Une autre série, le 7e Continent, est constituée de peintures réalisées sur des mousses de protection de caisses d’emballage récupérées chez le transporteur Chenue. Cédric Teisseire peint celles-ci par couches successives avec des bombes aérosol également données par un grossiste. Les alvéoles de la mousse absorbent fortement les premières couches, ne laissant apparaître que des légers repentirs. Les halos circulaires que l’on voit sur ces Continents (le titre fait référence à cette gigantesque nappe de morceaux de plastique dans l’Océan Pacifique), et qui ressemblent à des soleils masqués par la brume, sont réalisés avec le capuchon de la bombe qui fait office de pochoir, donnant ainsi l’impression d’un paysage abstrait, à l’instar des fameuses vues de Londres par J. M. W. Turner. De la colle chaude ou de l’encre d’imprimeur (encore récupérées auprès d’entreprises) viennent parfois se mélanger à la peinture dans une déclinaison de paysages. 

Moins attractive au premier regard, et certainement plus légère, est l’œuvre du même ensemble intitulé Fragments du Confort Moderne. Elle est composée de milliers de copeaux d’acrylique que le centre d’art éponyme de Poitiers avait collecté en grattant une peinture murale de 25m2 que Cédric Teisseire a réalisé sur place en 2006. Une fois rendus, au lieu de les jeter, l’artiste les a conservés puis réutilisés dans un geste malicieux, les stockant dans un cadre vitré, réduits à peu de choses et à peu de place. Il en est de même pour les Tamis, qui portent le nom de ce qu’ils sont, réalisés par série de trois, avec les fonds de vieux pots de peinture. Cette dernière traverse les grilles des trois objets superposés, se répartissant au hasard de la chute.

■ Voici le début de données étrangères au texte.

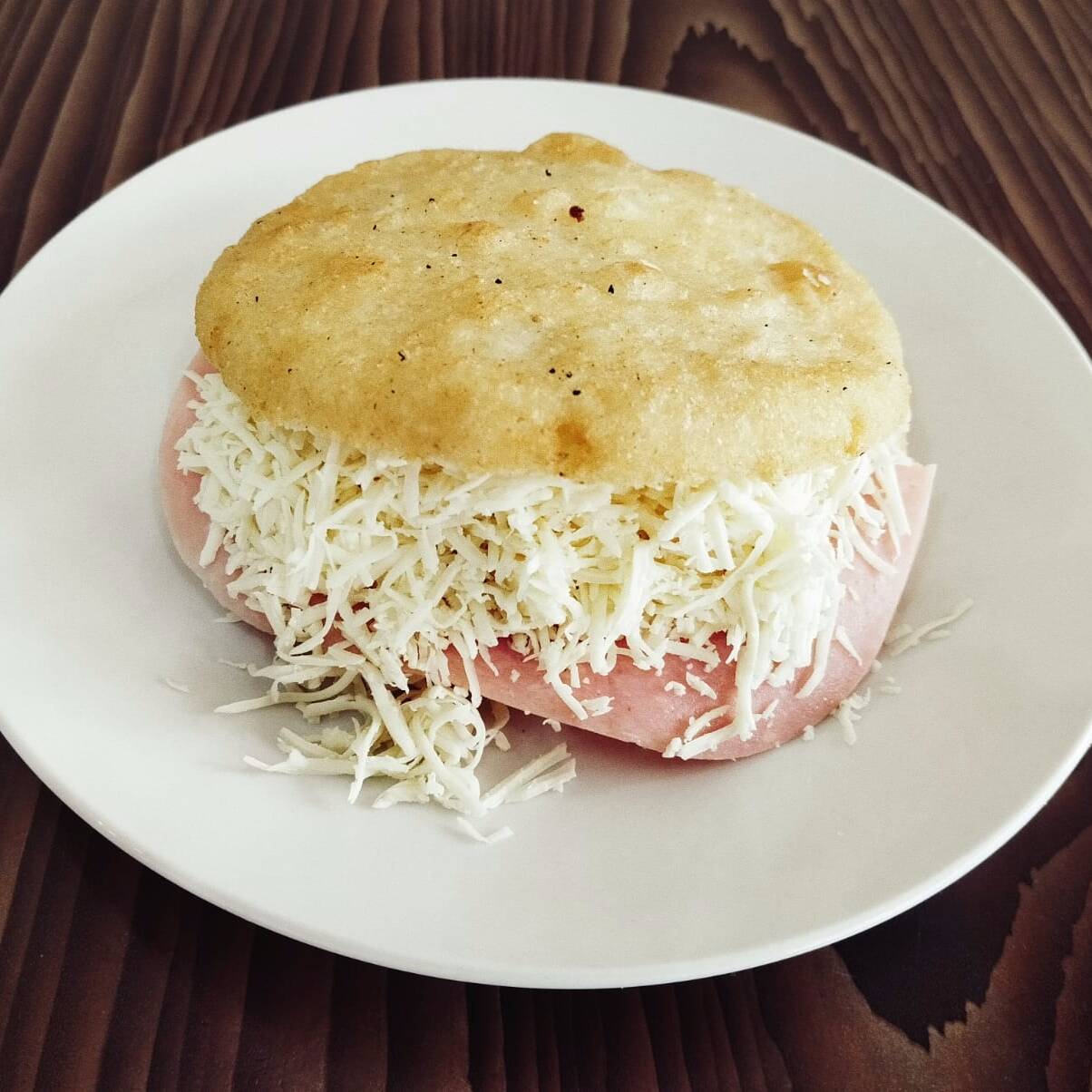 Arepa de Jamón y Queso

Pour la suite des œuvres présentées, il pourrait être question de canoë-kayak suspendu, d’un travail in situ dans la cour intérieure sur les fissures de la façade du château, d’autres paysages des séries Blur ou From outer space. Qu’importe, puisque l’exposition Pièces détachées est avant tout basée sur la mise en évidence d’une méthode de travail, d’une économie de moyens que Cédric Teisseire a mise en place depuis des années, selon le vieil adage, « rien ne se perd et tout se transforme ». Mais surtout, de façon plus esthétique, tout son art n’est que liens et rebonds entre ses œuvres. Une de ses dernières peintures (le titre n’est pas encore défini et elle ne sera pas montrée à l’Espace à vendre) est ainsi conçue avec une bâche en plastique utilisée il y a quelques mois pour protéger le sol de La Station lors d’un montage d’exposition. Mise à la verticale sur une toile et renversée de l’extérieur vers l’intérieur (la surface faisant face à la toile), la bâche bénéficie désormais d’un autre statut. Il y a quelques années, il écrivait : « j’ai toujours eu la volonté de ne pas mettre en avant la peinture ou le tableau mais le mode de fabrication et le processus d’élaboration qui conditionnent la physionomie finale ». Tout était déjà dit.